Sunday, January 07, 2007

Sitkom Dua Jam

(How to Spend Two Hours in a Bad Fashion -Indonesian version)

Masing-masing pihak tidak bermaksud melucu, tapi mereka terjebak dalam satu situasi yang lucu, itulah sitkom.

Minggu lalu aku jadi bintangnya. Sitkom versi dunia nyata.

Syahdan aku punya beberapa teman –mantan senior di universitas- yang kadang kirim-kiriman imel. Lokasi mereka tersebar di seantero Indonesia dan bola dunia. Suatu ketika mereka mengabari rencana mereka untuk bereuni di Jogja. Pada posisi ini, aku hanya bisa berkata, ”Oh bagus! Ayo kita ketemuan!”.

Dan memang bagus kalau bisa ketemuan kan?

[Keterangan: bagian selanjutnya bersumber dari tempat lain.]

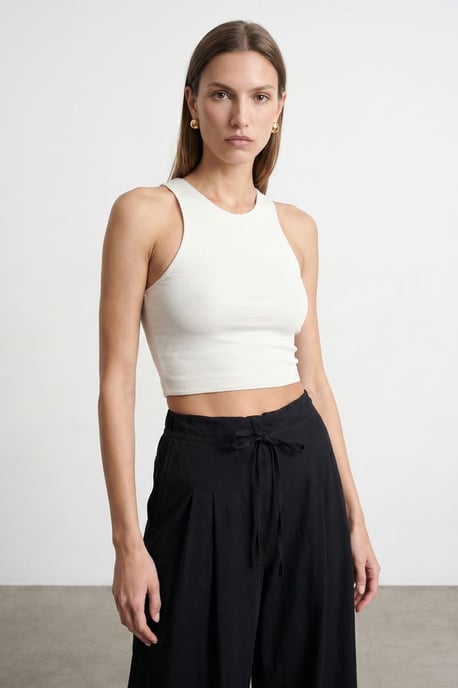Ribbed Sleeveless Crop Blouse - Image 3
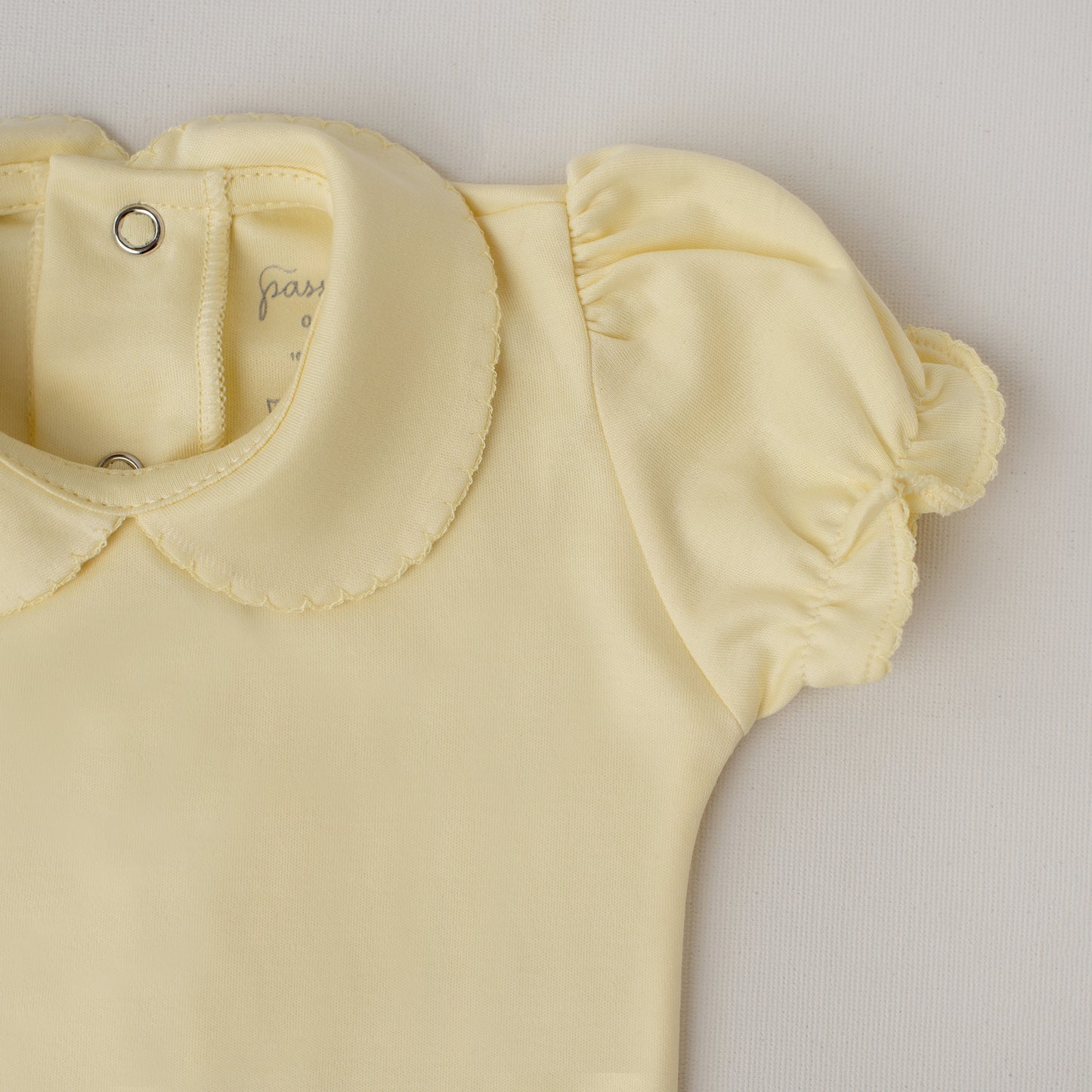 Body Garça Manga Curta Amarelo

Aku selalu senang pergi makan malam dengan teman, saling bercerita tentang banyak hal, dan berbagi pandangan tentang hidup dan dunia.

Dalam kasus ini, kondisi ideal diganggu beberapa fakta:
1. Aku sebenarnya tidak terlalu kenal mereka
2. Mereka bawa teman yang belum pernah aku lihat seumur hidup
3. Dunia kami jauh berbeda

Hasil dari ”percobaan” atas nama keramah-tamahan ini,
Mereka: sibuk bicara dengan topik mereka sendiri, dengan bahasa mereka sendiri, komunikasi yang dikatagorikan para ahli sebagai ”full of contexts”.
(Wajar, karena ini reuni mereka, tentunya mereka ingin bicara tentang dunia mereka, tanpa bermaksud membuat-)
Aku: tersudut di pojok, berusaha menyimak, berusaha mengerti, kehilangan kata-kata dan memutuskan membiarkan mereka dengan topik mereka.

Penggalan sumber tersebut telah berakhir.